Note first that $abH=ab'H$.
Since $aH=a'H$, there exists $h \in H$ such that $a=a'h$, so that $ab'H=a'hb'H$. 
But $H$ is normal in $G$, so $(b')^{-1}hb'=h'$, for some $h' \in H$.
Then $hb'H=b'h'H=b'H$, so $abH=ab'H=a'hb'H=a'b'H$.
A: The issue with working with quotient groups is that there are many representatives of the same coset. For example, in $\mathbb{Z}/5\mathbb{Z}$ one has that
$$1+5\mathbb{Z}=\{\ldots,-9,-4,1,6,11,\ldots\}=6+5\mathbb{Z}$$
and
$$2+5\mathbb{Z}=\{\ldots,-8,-3,2,7,12,\ldots\}=12+5\mathbb{Z}.$$
It is, of course, reasonable to be concerned whether
$$3+5\mathbb{Z}=(1+5\mathbb{Z})+(2+5\mathbb{Z})=(6+5\mathbb{Z})+(12+5\mathbb{Z})=18+5\mathbb{Z}?$$
Of course, in this case everything works out just fine, but it is not always so.
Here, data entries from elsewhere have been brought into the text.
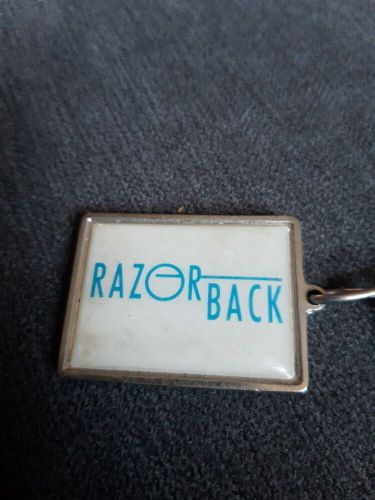 Genuine razor back metal keyring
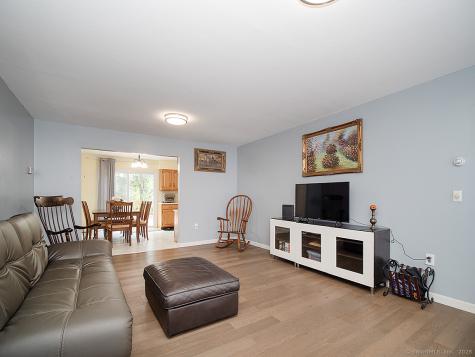 1681 Litchfield Turnpike Woodbridge CT 06525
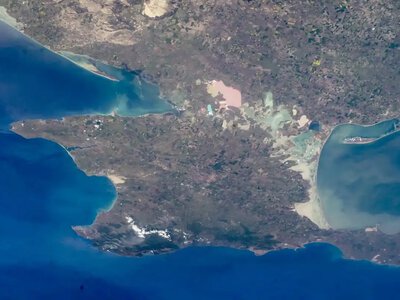 Россия обустраивает базу морских дронов в Крыму: чем это угрожает Одесской области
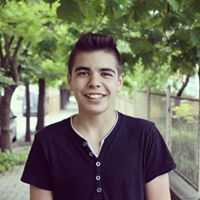 Тони Николов.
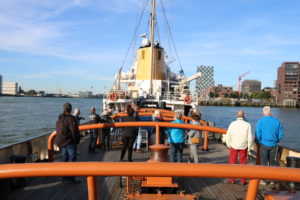 Members mee met Zeesleepboot Holland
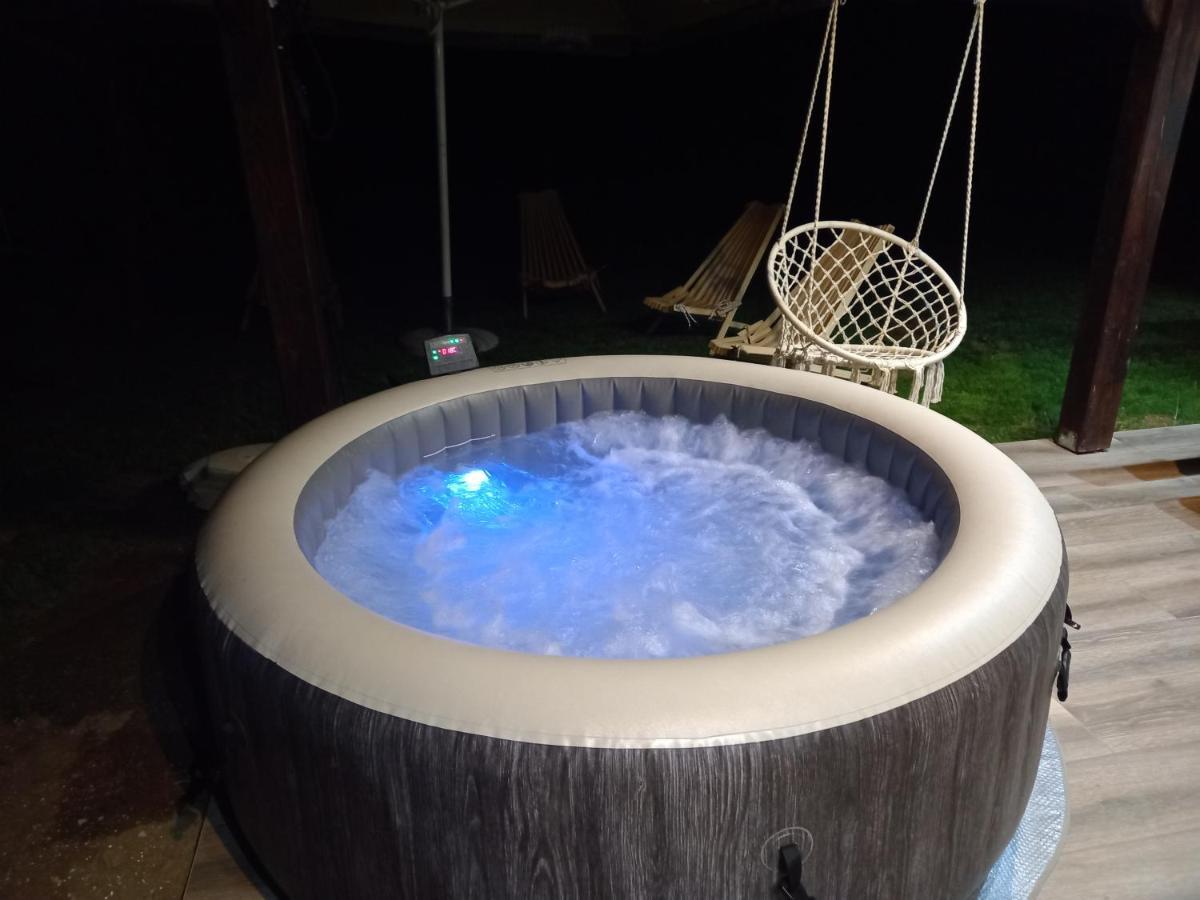 Guest House Tonka Оточац Экстерьер фото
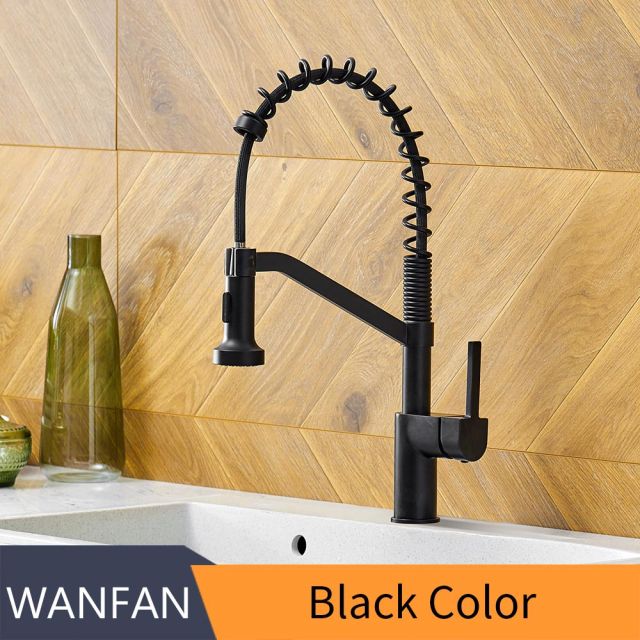 Modern polished chrome brass kitchen sink faucet with pull-out spray and single handle design, showcasing its sleek and contemporary style.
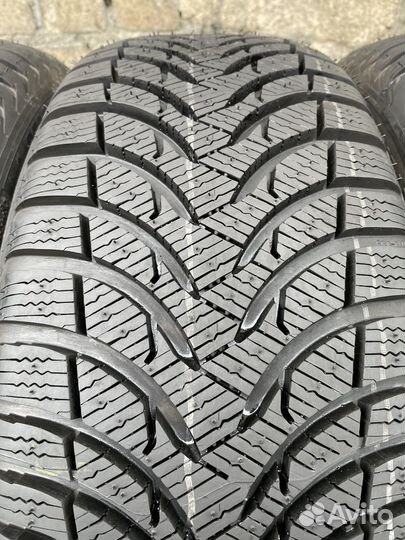 Michelin Alpin A4 215/45 R17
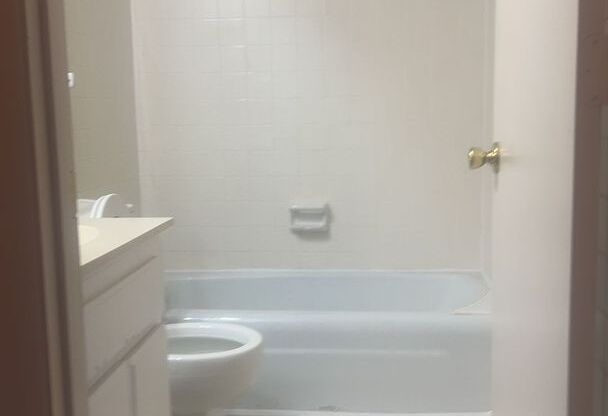 2 beds, 1.5 baths, 1,050 sqft, $1,250, Unit B05 Manor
For example, take the subgroup $H=\langle(12)\rangle=\{(1),(12)\}\leq S_3$. We have
$$(13)H=\{(13),(123)\}=(123)H$$
and
$$(23)H=\{(23),(321)\}=(321)H$$
However, $(13)(23)H=(321)H$, while $(123)(321)H=(1)H=H$. Hence, $$(13)H(23)H=(13)(23)H=(321)H\neq H=(123)(321)H=(123)H(321)H$$ and the operation is not well defined.
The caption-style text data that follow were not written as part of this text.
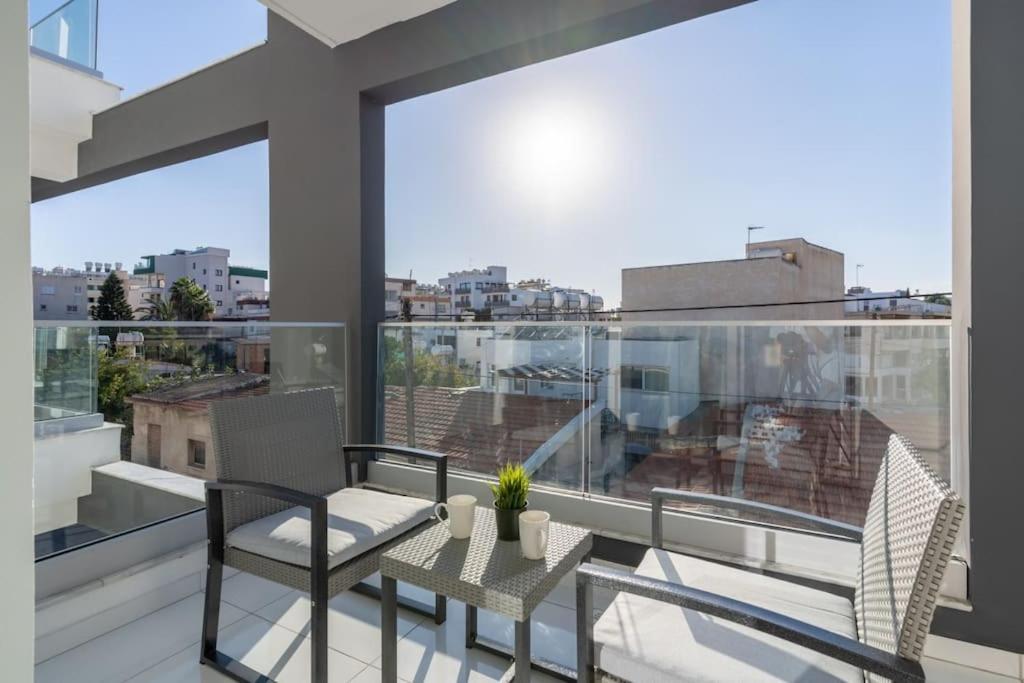 Moon Light 1-Bedroom Apartment in Larnaca - B&B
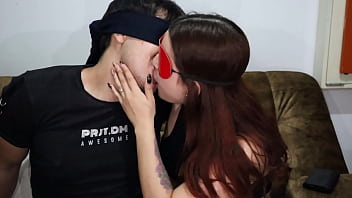 Delicioso y profundo beso con lengua de una hermanastra de 18 años que es celosa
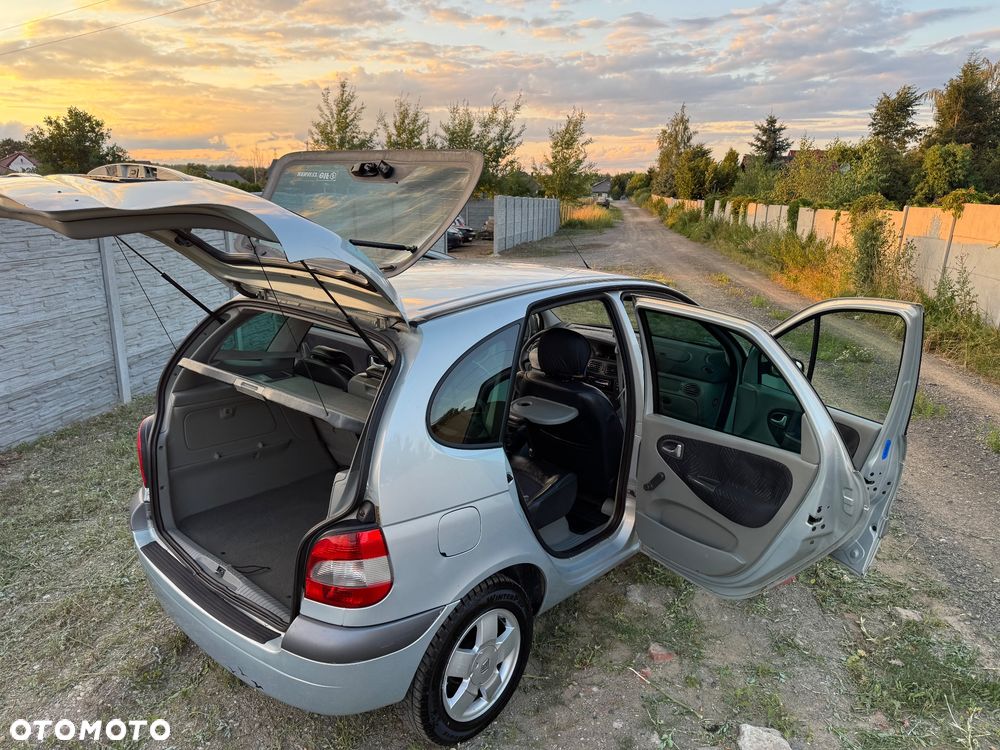 Renault Scenic 1.6 16V Privilege - 16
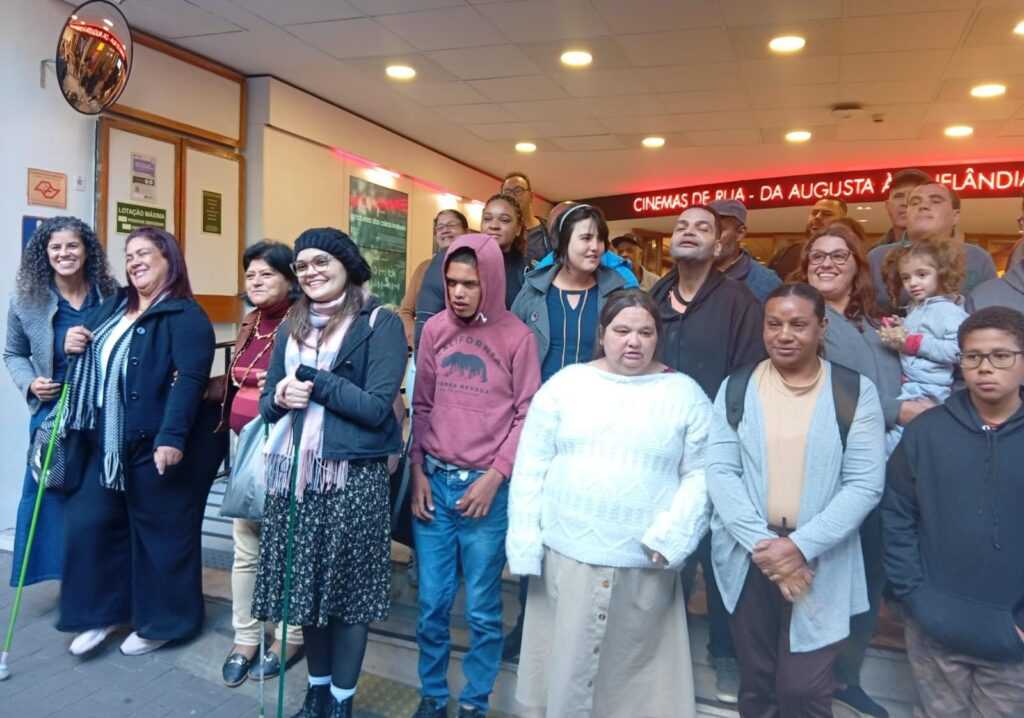 Prefeitura leva pessoas com deficiência para sessão de cinema inclusiva prefeitura-leva-pessoas-com-deficiencia-para-sessao-de-cinema-inclusiva
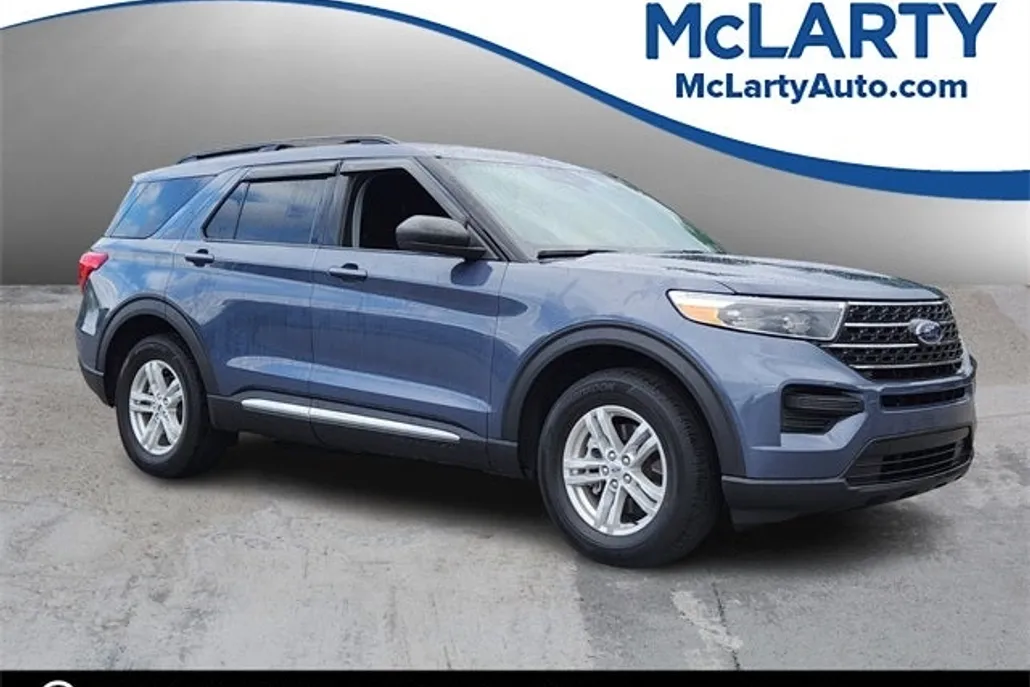 2021 Ford Explorer XLT photo 1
The difference in the two cases is that $5\mathbb{Z}$ is a normal subgroup of $\mathbb{Z}$, while $H$ is not normal in $S_3$.

If we assume $H$ is a normal subgroup of $G$, we can show that the operation $aHbH=abH$ is well defined as follows:
Suppose $aH=cH$ and $bH=dH$. By definition, this means that $c^{-1}a\in H$ and $d^{-1}b\in H$. To show that $abH=cdH$, we need to show that $(cd)^{-1}(ab)\in H$.
Well, 
$$
(cd)^{-1}ab=d^{-1}c^{-1}ab=(d^{-1}(c^{-1}a)d)(d^{-1}b).
$$
By assumption $d^{-1}b\in H$. Also, since $c^{-1}a\in H$ and $H$ is normal $d^{-1}(c^{-1}a)d\in H$. Finally, $H$ is a subgroup, so $(d^{-1}(c^{-1}a)d)(d^{-1}b)\in H$ and we're done.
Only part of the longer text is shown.